| ABOUT THIS TASK |
The entries are to be output once more, word for word.
<<<<
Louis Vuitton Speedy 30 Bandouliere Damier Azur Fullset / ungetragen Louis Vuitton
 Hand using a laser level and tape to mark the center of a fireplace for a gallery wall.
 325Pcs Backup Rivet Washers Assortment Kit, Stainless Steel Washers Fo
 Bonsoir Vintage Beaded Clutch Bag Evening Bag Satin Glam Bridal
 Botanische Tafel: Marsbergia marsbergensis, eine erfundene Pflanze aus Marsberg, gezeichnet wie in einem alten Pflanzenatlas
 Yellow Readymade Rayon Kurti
>>>>
| YOUR SOLUTION |
Louis Vuitton Speedy 30 Bandouliere Damier Azur Fullset / ungetragen Louis Vuitton
 Hand using a laser level and tape to mark the center of a fireplace for a gallery wall.
 325Pcs Backup Rivet Washers Assortment Kit, Stainless Steel Washers Fo
 Bonsoir Vintage Beaded Clutch Bag Evening Bag Satin Glam Bridal
 Botanische Tafel: Marsbergia marsbergensis, eine erfundene Pflanze aus Marsberg, gezeichnet wie in einem alten Pflanzenatlas
 Yellow Readymade Rayon Kurti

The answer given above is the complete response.